The trolling motor was installed that way when I got it...I am going to offset it to the side during this project. Currently the front part of the deck is unusable. I was considering using a sheet of aluminum under the trolling motor bolts to reinforce the mount...any thoughts on this?


----------



## nate. (Nov 12, 2009)

yes. back it with a 1/4" aluminum plate. i did mine on the mitzi that way.


----------



## shenk162 (Jun 4, 2010)

I am excited for you. I got my Mitzi 17 @ ECC getting the center console removed and a side console put on. As yours, my wiring was a nightmare when I bought it too. I am having them put all the batteries and electrical work in one of the hatches then I am having the hatches sealed because they tend to leak a bit. Following that I am getting Tyler @ Castaway customs to do the sea dek'n. I will post pics when I get the boat back. Good luck with your rebuild and keep us updated on the progress.


----------



## Frank_Sebastian (Oct 15, 2007)

Ga Fly I think the deck is foam core? I like the boat. Anyway that boat is built to be light. I think it would be a mistake to reinforce areas without considering the load concentrated on adjacent areas of the laminate. Take your time and think through what can be done with the effort expended. I would likely try to clean up and paint what is there first before major reconstruction. The green color is the way to go though.

Frank_S


----------



## GAfly01 (Jun 4, 2007)

After filling a lot of holes from the old console and some other miscellaneous crap that I didn't install...I have the console mounted and bedded in thickend epoxy.  The next step is to use biaxial/mat tape on the inside of the console to make sure that it never moves.  I am thinking about using kiwi grip (tan) for the non skid and guide skiff green on the taped off sections and the hull.  I currently have a side mount throttle and I am considering going with a top mount...not sure if I want to spend the money on that when I could spend it on hydralic steering or a jackplate/both.  I plan on relocating the trolling motor and installing seadek on the floor and under gunnels. Oh...and the junk sitting on the console is to weight it down.


----------



## nate. (Nov 12, 2009)

get a top mount. find one used on ebay or somethin. what power is on the skiff?


----------



## GAfly01 (Jun 4, 2007)

60hp yamaha 2 stroke...not a 90 like what you hung on yours...what is a 17 rated for???


----------



## GAfly01 (Jun 4, 2007)

Got the console glassed in from the inside, trolling motor repositioned with a removable minn kota mount, and most of the cut outs for the controls, and switches installed.


----------



## GAfly01 (Jun 4, 2007)

Trolling motor pic


----------



## nate. (Nov 12, 2009)

> ...what is a 17 rated for???



its rated for a 70.  the 90 is nice.  id love to have one with a 115. 
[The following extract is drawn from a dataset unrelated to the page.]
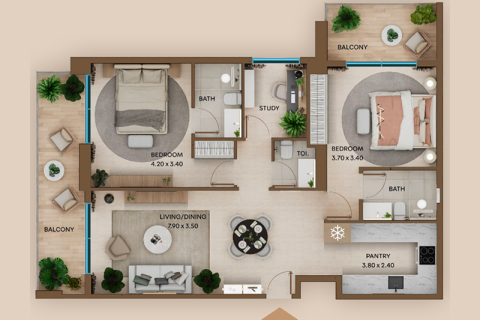 Apartman u Jumeirah Village Circle, Dubai, UAE 1 soba, 39 m2 Br. 732833 - fotografija 10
the yamaha 70 is 243#. the 90 is 260# and the 115 is 315#.......


----------



## tbayray (Sep 18, 2008)

What're your plans for the steering cable and what not... Did you already glass the console on [smiley=1-mmm.gif]


----------



## GAfly01 (Jun 4, 2007)

Mitzi's have a rigging channel...i plan to run the throttle controls through a boot on the side and cover it all up with spit loom. The wiring will then run under the floor to the motor.


----------



## tbayray (Sep 18, 2008)

10-4


----------